I don't know if you can do what you want with a single regular expression, especially since Oracle's implementation of regular expressions does not support lookaround. But there are some things you can do with SQL to get around these limitations. The following will extract the matches for the pattern, first by removing comments from the text, then by matching the patter src=".*\.js"
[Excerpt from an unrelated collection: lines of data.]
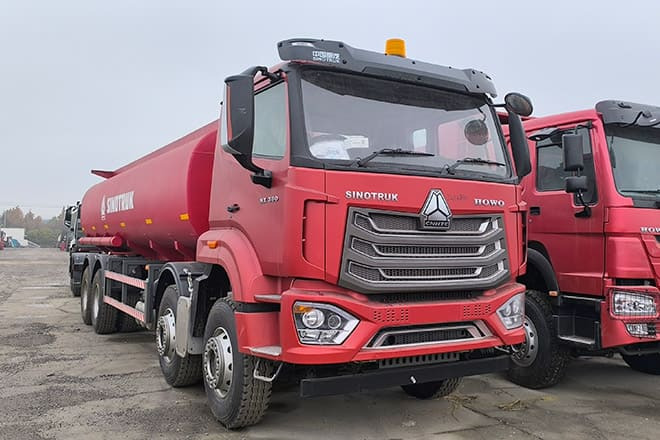 SINOTRUK Howo NX380 Diesel Tanker Truck for Sale in Tanzania - Kamion cisterna: slika SINOTRUK Howo NX380 Diesel Tanker Truck for Sale in Tanzania - Kamion cisterna SINOTRUK Howo NX380 Diesel Tanker Truck for Sale in Tanzania - Kamion cisterna: slika SINOTRUK Howo NX380 Diesel Tanker Truck for Sale in Tanzania - Kamion cisterna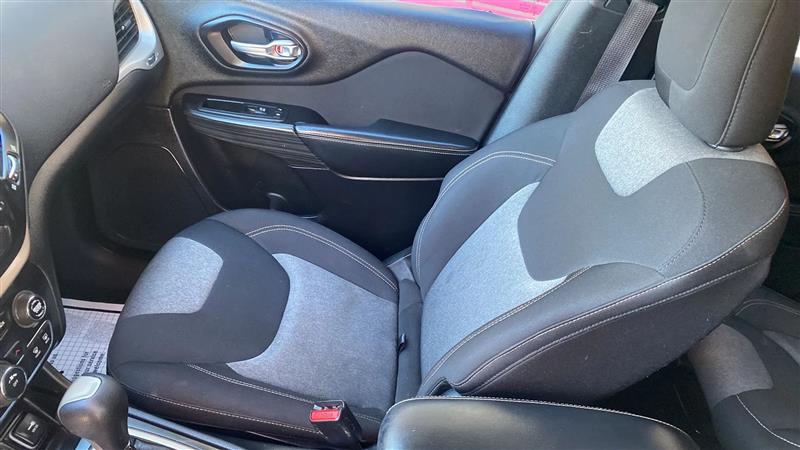 Jeep Cherokee Latitude FWD 2014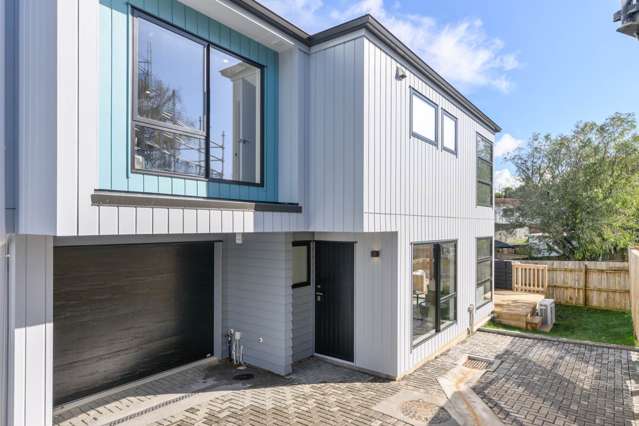 Architect-designed, Modern, North-Facing & Sun...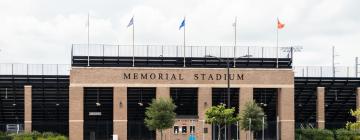 Memorial Stadium: hotel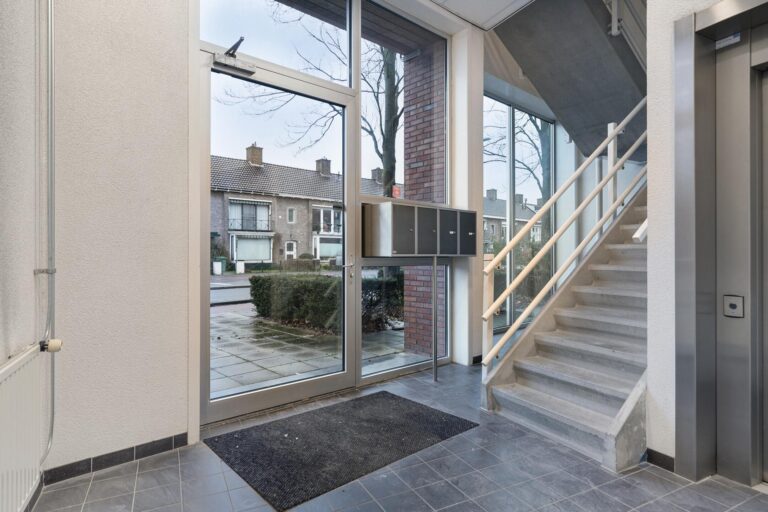 Roosendaal – Laan van Limburg 1 – Foto 8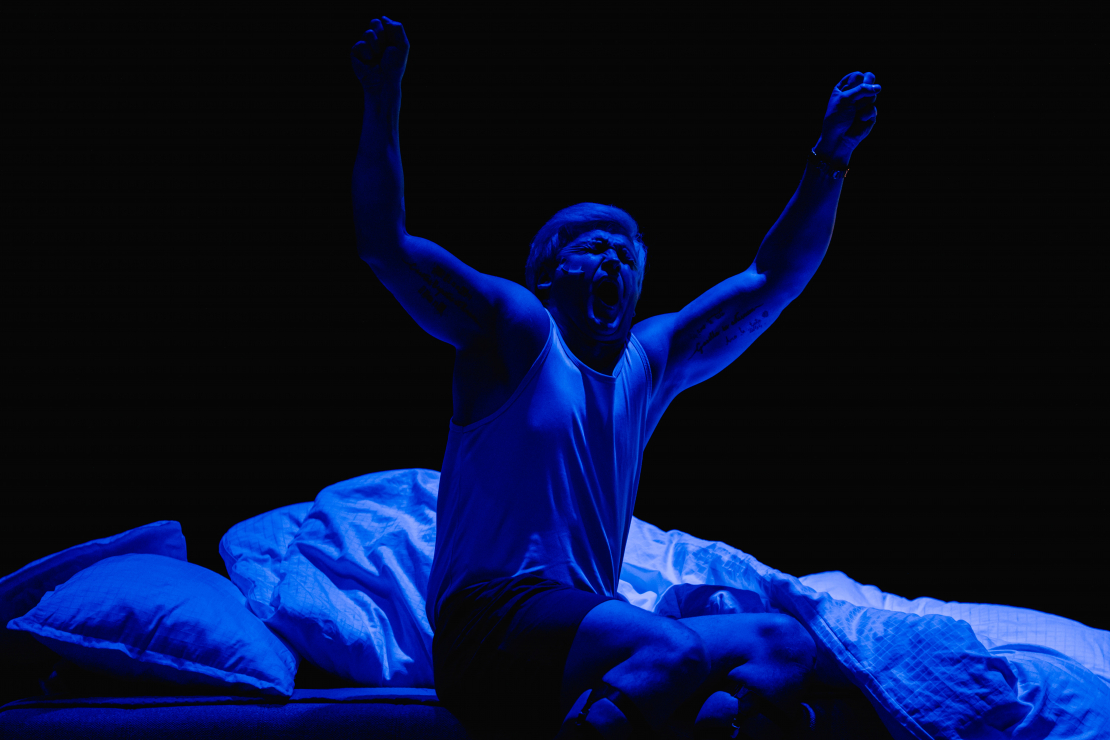 Komēdijas "Patiesais kailums" pirmizrāde.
in what remains. Multiple results are retrieved using CONNECT BY
:
SELECT html_id, REGEXP_SUBSTR(clean_html, 'src=".*\.js"', 1, LEVEL, 'i') AS match
FROM (
SELECT html_id, REGEXP_REPLACE(html_text, '<!--.*?-->', '', 1, 0, 'n') AS clean_html
FROM (
SELECT 1 AS html_id, '<!------<script type="text/javascript" src="js/Shop.js"></script> -->
<!----<script type="text/javascript" src="js/Shop.js"></script> -->
<script type="text/javascript" src="jquery.serialize-object.js"></script><!---->
<script type="text/javascript" src="jquery.serialize-object.js"></script><!-- a comment -- afterwards -->
<script type="text/javascript" src="jquery.serialize-object.js"></script><!-- a comment starting but not ending
-- afterwards -->
<script type="text/javascript" src="jquery.serialize-object.js"></script>
<script type="text/javascript" src="jquery.cookie.js"></script>' AS html_text
FROM dual
)
)
CONNECT BY REGEXP_SUBSTR(clean_html, 'src=".*\.js"', 1, LEVEL, 'i') IS NOT NULL
AND PRIOR html_id = html_id
AND PRIOR DBMS_RANDOM.VALUE IS NOT NULL;
If these results are stored in a table somewhere, then you would do the following:
SELECT html_id, REGEXP_SUBSTR(clean_html, 'src=".*\.js"', 1, LEVEL, 'i') AS match
FROM (
SELECT html_id, REGEXP_REPLACE(html_text, '<!--.*?-->', '', 1, 0, 'n') AS clean_html
FROM mytable
)
CONNECT BY REGEXP_SUBSTR(clean_html, 'src=".*\.js"', 1, LEVEL, 'i') IS NOT NULL
AND PRIOR html_id = html_id
AND PRIOR DBMS_RANDOM.VALUE IS NOT NULL;
It seems strange but the final two lines is necessary to avoid duplicate results.
Results as follows:
| HTML_ID | MATCH |
+---------+------------------------------------+
| 1 | src="jquery.serialize-object.js" |
| 1 | src="jquery.serialize-object.js" |
| 1 | src="jquery.serialize-object.js" |
| 1 | src="jquery.serialize-object.js" |
| 1 | src="jquery.cookie.js" |
+---------+------------------------------------+
SQL Fiddle HERE.
Hope this helps.
EDIT: Edited according to my comment below:
SELECT html_id, REGEXP_SUBSTR(clean_html, 'src="[^"]*\.js"', 1, LEVEL, 'i') AS match
FROM (
SELECT html_id, REGEXP_REPLACE(html_text, '<!--.*?-->', '', 1, 0, 'n') AS clean_html
FROM (
SELECT 1 AS html_id, '<!------<script type="text/javascript" src="js/Shop.js"></script> -->
<!----<script type="text/javascript" src="js/Shop.js"></script> -->
<script type="text/javascript" src="jquery.serialize-object.js"></script><!---->
<script type="text/javascript" src="jquery.serialize-object.js"></script><!-- a comment -- afterwards -->
<script type="text/javascript" src="jquery.serialize-object.js"></script><!-- a comment starting but not ending
-- afterwards -->
<script type="text/javascript" src="jquery.serialize-object.js"></script>
<script type="text/javascript" src="jquery.cookie.js"></script>' AS html_text
FROM dual
)
)
CONNECT BY REGEXP_SUBSTR(clean_html, 'src="[^"]*\.js"', 1, LEVEL, 'i') IS NOT NULL
AND PRIOR html_id = html_id
AND PRIOR DBMS_RANDOM.VALUE IS NOT NULL;
EDITED
If you're searching a CLOB
rather than a CHAR
column, the first line of the CONNECT BY
clause should look like this. REGEXP_SUBSTR()
will return a CLOB
if the relevant column is a CLOB
, and the comparison just takes forever in this case:
CONNECT BY DBMS_LOB.SUBSTR(REGEXP_SUBSTR(clean_html, 'src="[^"]*\.js"', 1, LEVEL, 'i'), 4000, 1) IS NOT NULL
Hope this helps.